In the small French village of Lansquenet, nothing much has changed in a hundred years. Then an exotic stranger, Vianne Rocher, blows in on the changing wind with her young daughter, and opens a chocolate boutique directly opposite the church. Soon the villagers cannot keep away, for Vianne can divine their most hidden desires.

But it’s the beginning of Lent, the season of abstinence, and Father Reynaud denounces her as a serious moral danger to his flock. Perhaps even a witch.

If Vianne’s chocolaterie is to survive, it will take kindness, courage and a little bit of magic…


Chocolat is a novel that needs little introduction.  First published in 1999, it’s been adapted into a highly successful film and currently has three sequels – The Lollipop Shoes, Peaches for Monsieur le Curé, and The Strawberry Thief – with a prequel novel, Vianne, expected in March 2025.  I’ve neither read this novel previously or seen the film (although that has since been recommended to me) but I thoroughly enjoyed it and I’m looking forward to reading the later novels in the series.
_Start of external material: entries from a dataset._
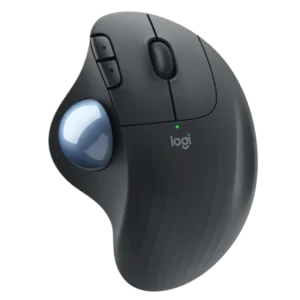 Logitech 910-005873 M575 Ergo Trackball Mouse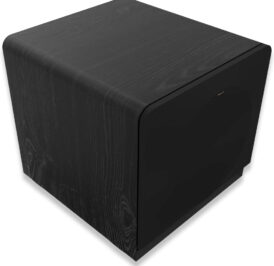 Subwoofer Klipsch RP-1600SW High Excursion 1600W Pico 16'' Bivolt Preto (UND) - Image 4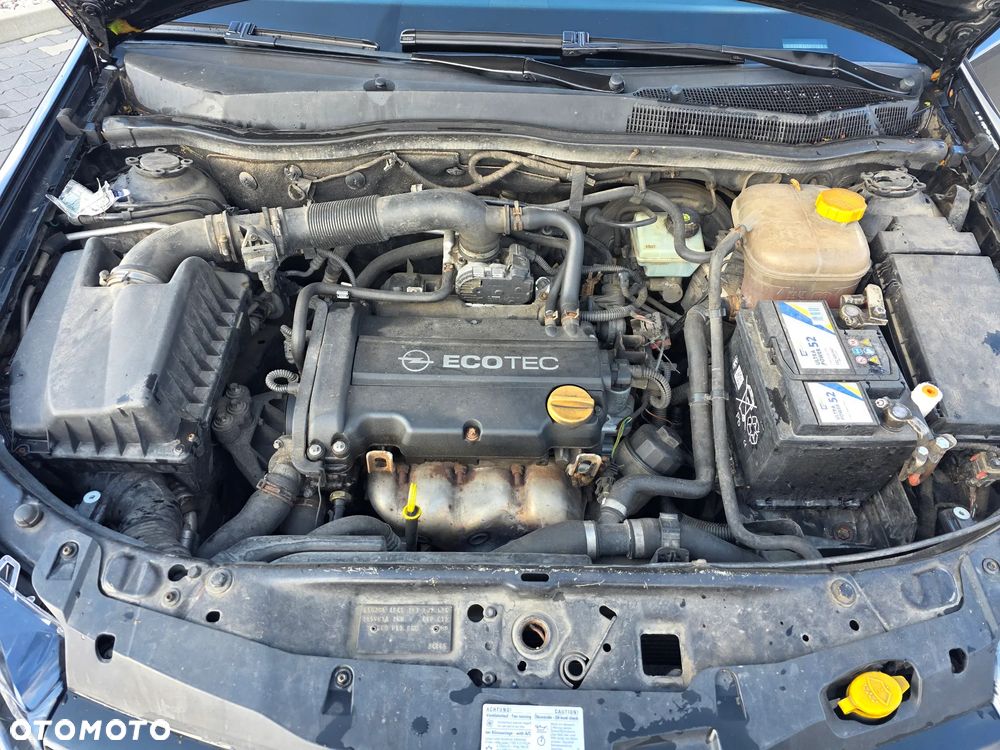 Opel Astra - 12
Vianne Rocher is a fantastic character and one that I loved getting to know.  She arrives in Lansquenet-sous-Tannes with her young daughter, Anouk, and little plan as to what happens next.  Theirs has been an itinerant lifestyle to this point, and yet Anouk wants to settle somewhere, and Vianne thinks that, on first impression at least, Lansquenet may give them what they need.  She opens her own chocolaterie, and soon makes both friends and enemies within the small community, some of whom see her as a breath of fresh air, while others don’t like her independence or that she is entirely comfortable in her own skin.  Vianne is – whatever she faces – a proud individual who doesn’t feel the need to toe the line, doing what she believes is right even if that puts her in the minority.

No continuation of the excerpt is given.